_What is expected:_
Among the entries below, extract exactly the lines that run from the one with "Susan Collins Quotes: I" through the one with "USADOS. CUBA. 2012-31", both ends included.

(Data to use Opens)

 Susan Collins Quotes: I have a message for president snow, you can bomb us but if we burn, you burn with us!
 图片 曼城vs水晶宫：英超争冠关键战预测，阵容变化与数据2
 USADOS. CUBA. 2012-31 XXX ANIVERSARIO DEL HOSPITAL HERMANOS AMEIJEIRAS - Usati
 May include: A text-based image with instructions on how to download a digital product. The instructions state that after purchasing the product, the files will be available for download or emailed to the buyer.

(Data to use Closes)
(Data to use Opens)

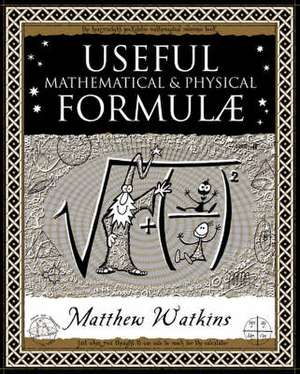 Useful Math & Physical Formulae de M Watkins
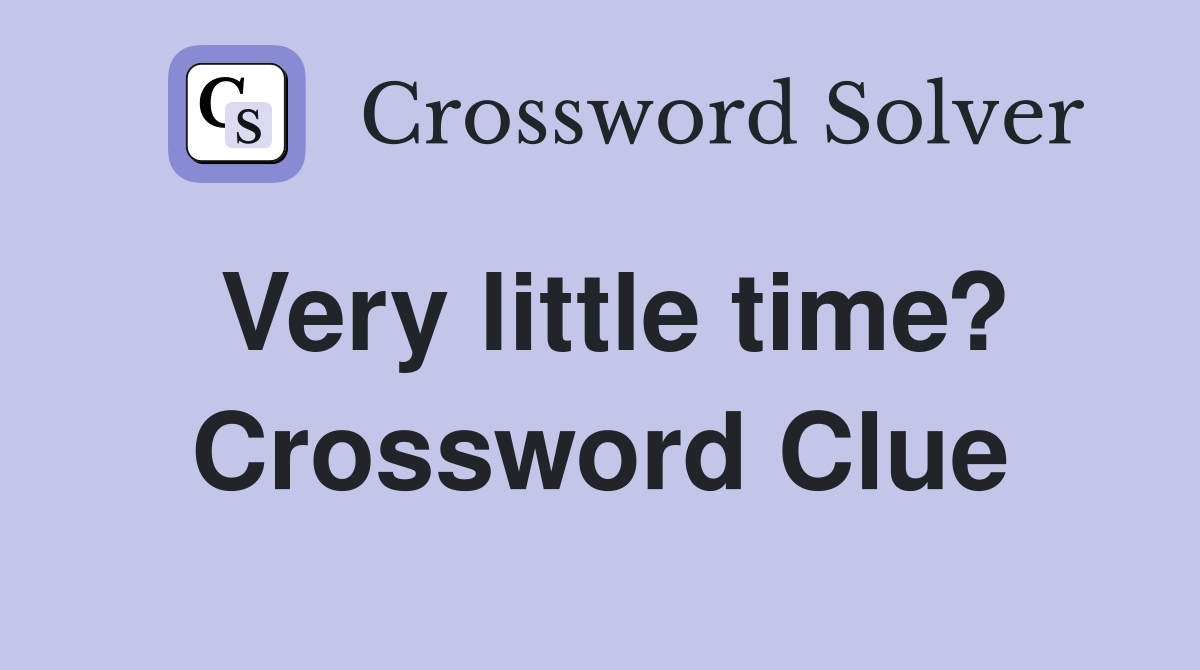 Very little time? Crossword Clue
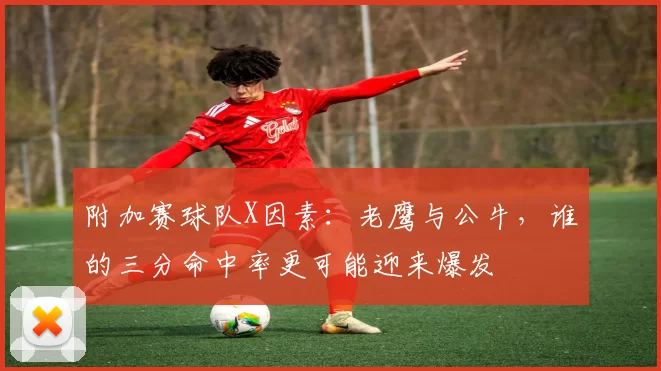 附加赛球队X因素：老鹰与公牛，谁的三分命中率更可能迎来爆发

(Data to use Closes)
(Data to use Opens)

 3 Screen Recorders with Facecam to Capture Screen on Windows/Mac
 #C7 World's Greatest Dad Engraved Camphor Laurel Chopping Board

(Data to use Closes)

_Written solution:_
 Susan Collins Quotes: I have a message for president snow, you can bomb us but if we burn, you burn with us!
 图片 曼城vs水晶宫：英超争冠关键战预测，阵容变化与数据2
 USADOS. CUBA. 2012-31 XXX ANIVERSARIO DEL HOSPITAL HERMANOS AMEIJEIRAS - Usati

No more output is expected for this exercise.